European banks’ strong run faces major test with earnings
By Tom Sims, Jesús Aguado and Valentina Za
FRANKFURT/MADRID/MILAN (Reuters) – European banks’ run of soaring profits and record shareholder payouts faces a big test this week when investors assess how fast the boost from higher interest rates is fading, and if a weak economic outlook will make life tougher.
Spain’s BBVA reports fourth-quarter numbers on Tuesday, Santander on Wednesday, Deutsche Bank and BNP Paribas on Thursday and UniCredit the following Monday. Other euro zone banks and Switzerland’s UBS follow.
The STOXX Europe 600 banks index hit its highest since mid-2018 this month, propelled by a recovery in profitability thanks to higher rates, record shareholder payouts and little provisioning for bad loans.
Yet as banking executives bask in the good times, investors are concerned that the tide is turning.
PAST THE PEAK
Retail-focused lenders which earn most of their money from the difference between loan income and deposit costs have benefited most from rising rates, but bigger, diversified banks such as Deutsche and BNP Paribas have also seen profits.
Investors appear jittery, however, with a small miss in fourth-quarter net interest income (NII) from Spain’s Bankinter last week causing a 6% drop in its stock price and dragging down rivals’ shares.
JP Morgan analysts warn that lower rates will lead to a “downgrade cycle” across the sector. After an estimated 22% net interest income (NII) jump in 2023, the bank expects European lenders to show limited NII growth this year and zero earnings growth.
UniCredit is expected to project a 4% drop in NII for 2024 according to the consensus forecast, Jefferies analysts said, although they expect the bank to beat expectations. It has excess capital – 10 billion euros ($10.9 billion) worth – that it needs to decide what to do with.

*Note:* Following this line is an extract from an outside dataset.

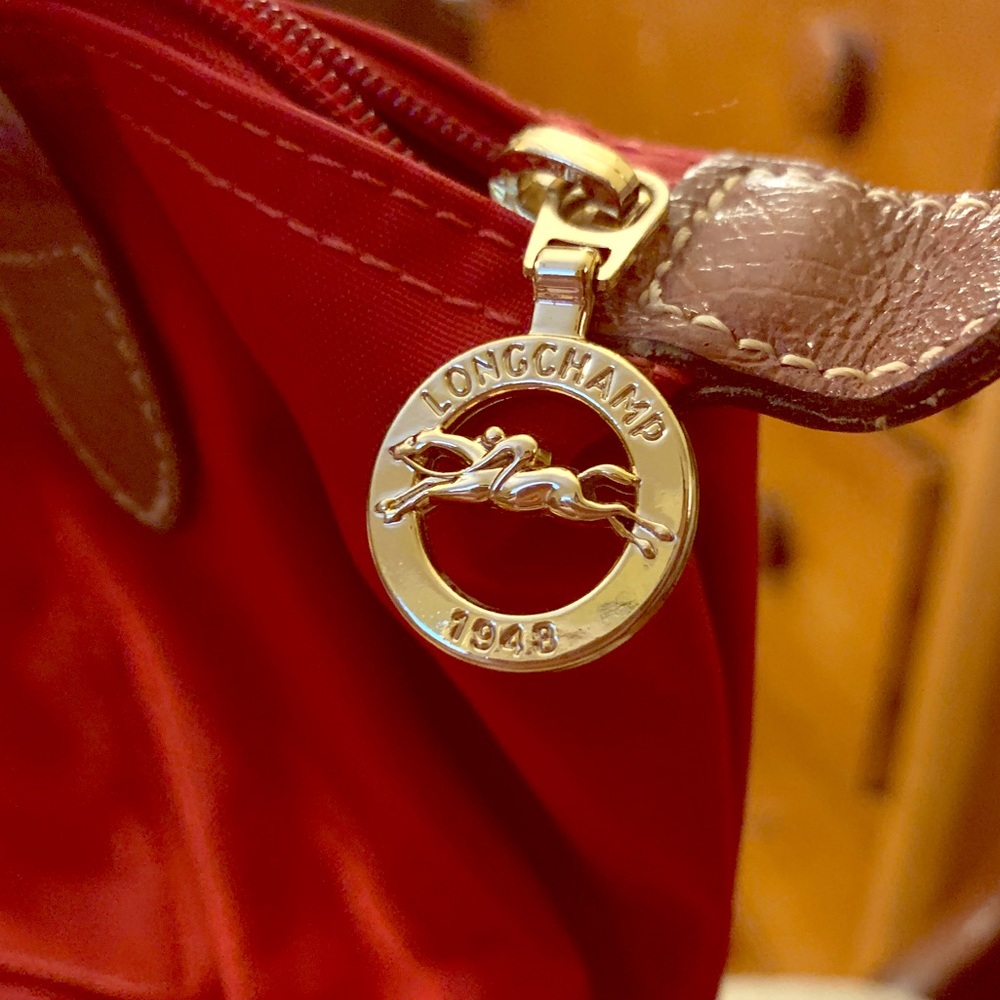 Longchamp Le Pliage Small Top Handle Nylon Handbag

Analysts will also be listening closely to BNP Paribas’ results and what management decides to do with the excess capital it still has from the sale of Bank of the West.
NOT SO BAD
Not everyone believes falling margins are such a concern.

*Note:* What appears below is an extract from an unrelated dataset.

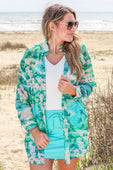 Breezy Tunic Top- Coastal Vista - Jess Lea Boutique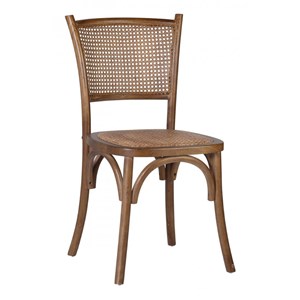 Chaise rotin bois marron - décoration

The average 2024 European interbank lending rate should be higher in 2024 than in 2023 and interest income will only “be down a bit”, said Sebastiano Pirro, chief investment officer at Algebris Investments, which holds shares in banks.
“What you are looking at for European banks is a 10-year inflection point,” he said, referring to a decade of negative euro zone rates that destroyed bank profitability.
“Today banks are making more money than they can distribute and capital ratios are going up,” he added.
Among other banks, Santander and BBVA are expected to report higher net profit and NII versus 2022, helped by their Spanish and Latin American businesses.
At Deutsche Bank the situation is less rosy. Analysts expect fourth-quarter net profit attributable to shareholders of around 700 million euros, down from 1.8 billion euros in 2022. That would still mark the 14th straight quarterly profit after years of losses.
WEAKER LOANS
Investors will also be watching closely to see if loan quality is worsening as higher interest rates bite.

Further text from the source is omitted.